• Task objective: Your reply should consist only of the lines from the one holding "Happy Smiley Face" to the last line of the data below, written out exactly and without pictures.

[Scraped caption text data]
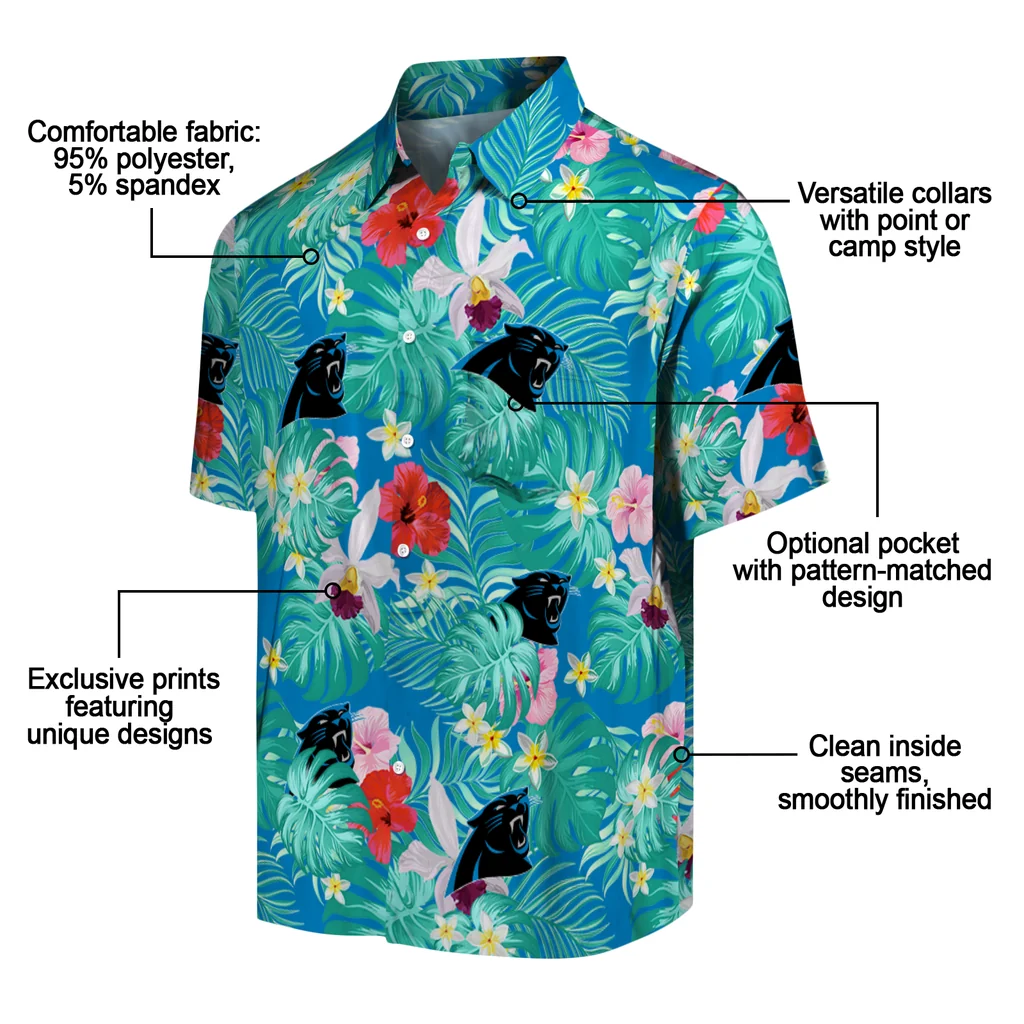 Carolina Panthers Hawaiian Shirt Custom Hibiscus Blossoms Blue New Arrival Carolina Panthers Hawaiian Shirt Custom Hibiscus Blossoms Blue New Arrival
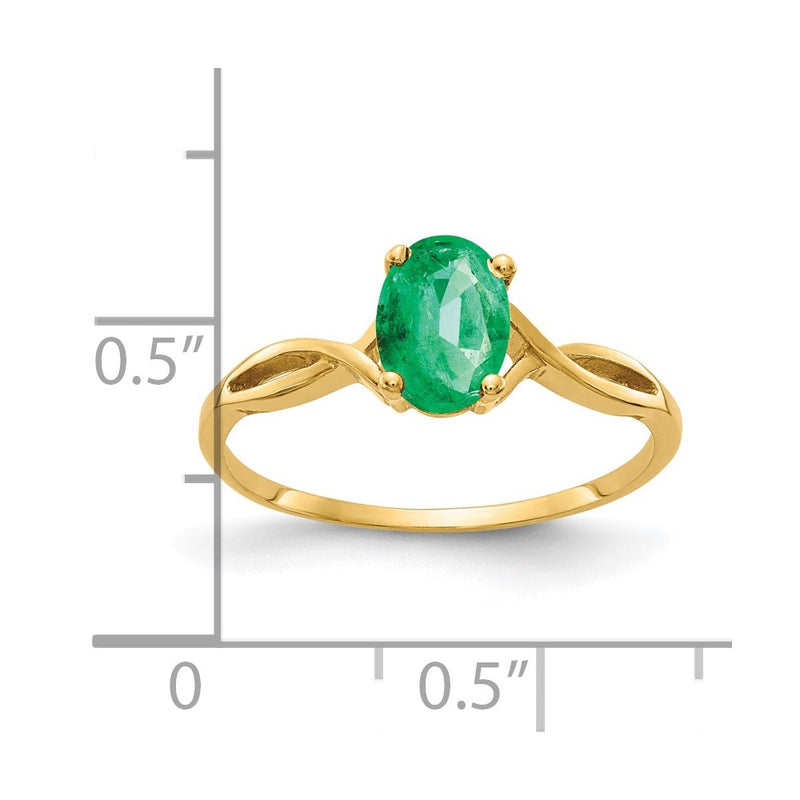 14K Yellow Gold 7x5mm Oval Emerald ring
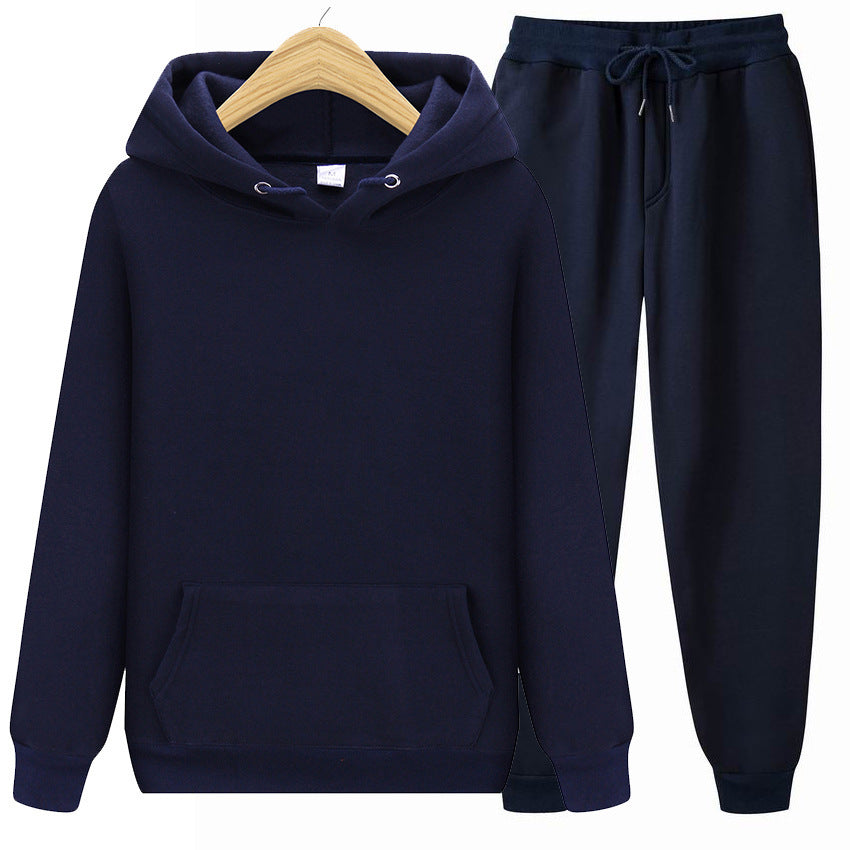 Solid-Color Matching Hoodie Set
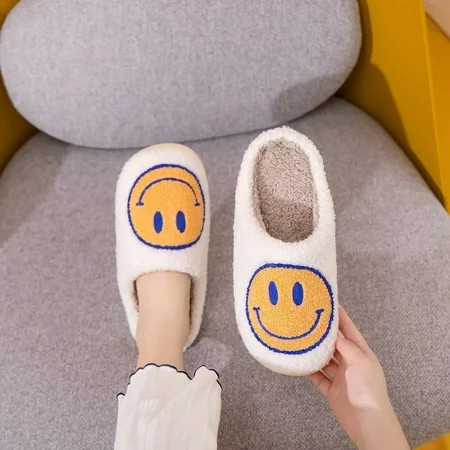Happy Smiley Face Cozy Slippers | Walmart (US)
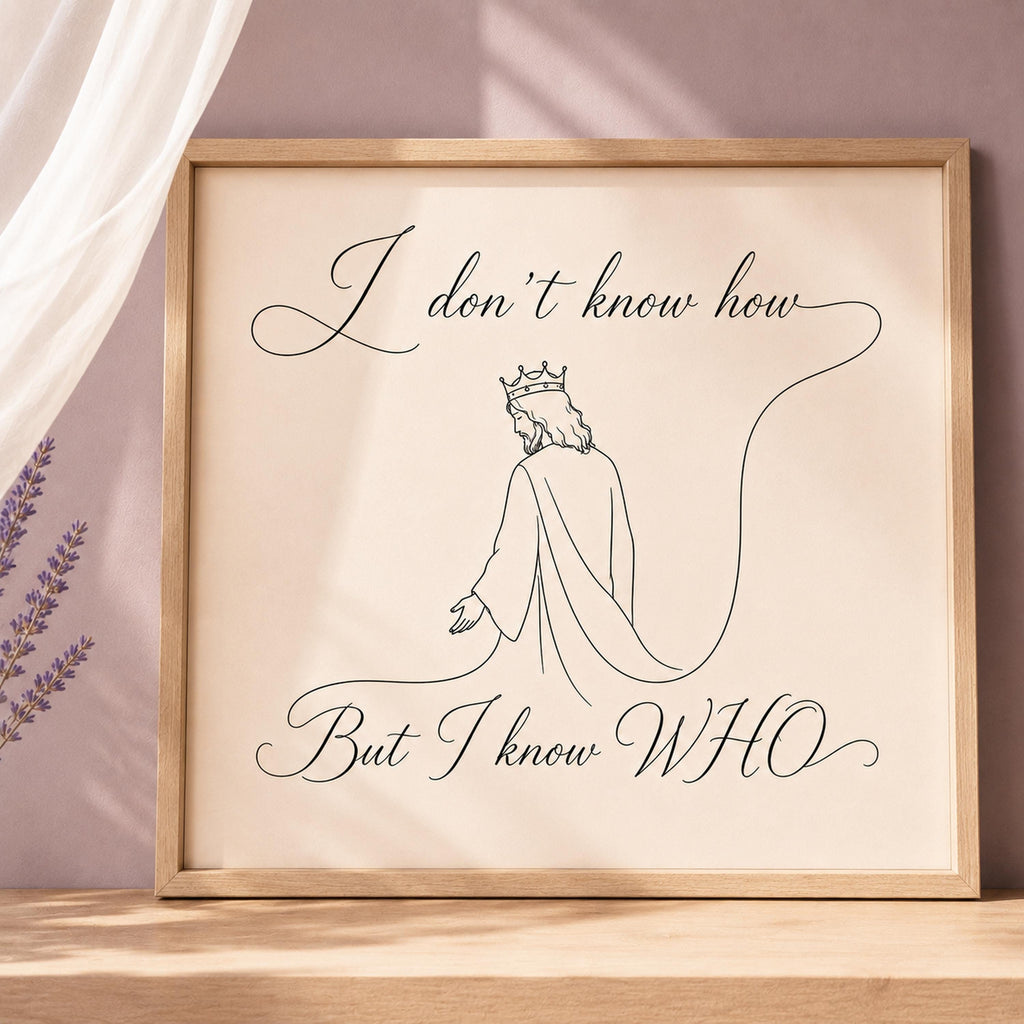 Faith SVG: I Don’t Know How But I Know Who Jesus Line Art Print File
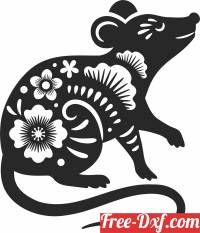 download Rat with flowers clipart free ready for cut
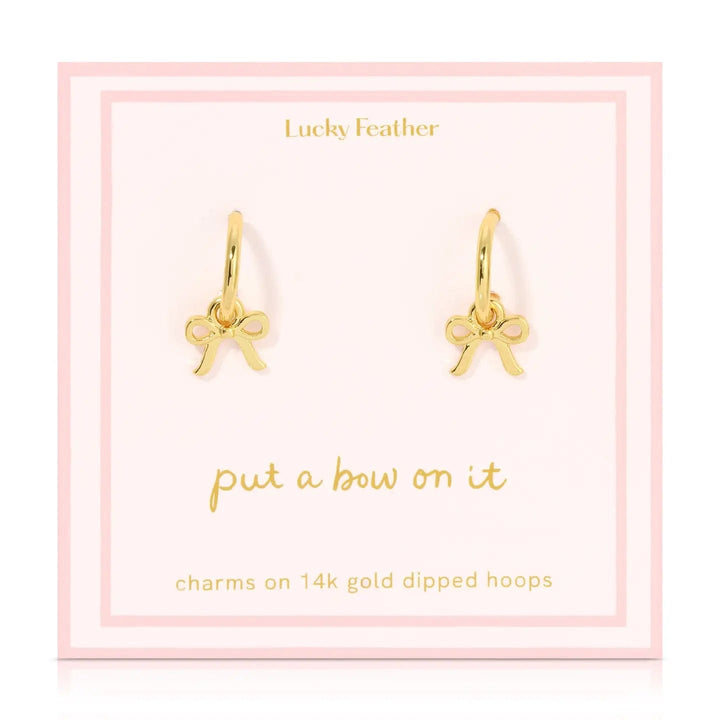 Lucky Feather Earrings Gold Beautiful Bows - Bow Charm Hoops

• Result for this exercise:
Happy Smiley Face Cozy Slippers | Walmart (US)
 Faith SVG: I Don’t Know How But I Know Who Jesus Line Art Print File
 download Rat with flowers clipart free ready for cut
 Lucky Feather Earrings Gold Beautiful Bows - Bow Charm Hoops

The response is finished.